Interestingly, for the hpc_benchmark, NEST should never even get to the else block to which the assertion on line 107 in target_table.cpp belongs, since all connections in the network are primary connections. So something seems to go wrong in the communication of information about connections to the presynaptic side.

 

Could you try with this branch

 

                https://github.com/heplesser/nest-simulator/tree/36_nosingle

 

It makes sure all MPI communication strictly happens in the OpenMP master thread (in NEST 3.6, it may happen inside OpenMP single constructs). This should not make a difference for the hpc_benchmark, since it uses a single thread by default.

 

Best,

Hans Ekkehard

 

-- 

 

Prof. Dr. Hans Ekkehard Plesser

 

Department of Data Science

Faculty of Science and Technology

Norwegian University of Life Sciences

PO Box 5003, 1432 Aas, Norway

 

Phone +47 6723 1560

Email hans.ekkehard.plesser@nmbu.no

Home http://arken.nmbu.no/~plesser

 

 

 

From: Michele Martinelli <michele.martinelli@roma1.infn.it>
Date: Monday, 29 January 2024 at 10:35
To: users@nest-simulator.org <users@nest-simulator.org>
Subject: [NEST Users] Assert failed running hpc_benchmark

Some people who received this message don't often get email from michele.martinelli@roma1.infn.it. Learn why this is important

Dear NEST Users & Developers,

we're currently working on a custom OpenMPI BTL (supporting a custom FPGA-based NIC) at the National Institute for Nuclear Physics in Rome, Italy and we have an error when running hpc_benchmark (this test is currently used as simple validation test) with 2 processes (one on each of 2 hosts), the command we run is like:

mpirun -n 2 -H host1:1,host2:1 --bynode --report-bindings -mca btl apelink,self,sm python hpc_benchmark.py (apelink is our custom BTL component)

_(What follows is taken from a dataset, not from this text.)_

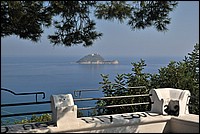 DSC_1501.JPG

but then we see this error:

python: [...]/NEST_with_local_ompi/nest-simulator-3.6/nestkernel/target_table.cpp:107: void nest::TargetTable::add_target(size_t, size_t, const nest::TargetData&): Assertion `syn_id < secondary_send_buffer_pos_[ tid ][ lid ].size()' failed. [host:23979] *** Process received signal *** [host:23979] Signal: Aborted (6) [host:23979] Signal code: (-6)

My guess is that we are transferring something incorrectly (maybe during the initialization/setup phase?), but I'm not sure what the assert expects to have in secondary_send_buffer_pos_[ tid ][ lid ].size() and how this field should be set.

Best,

Michele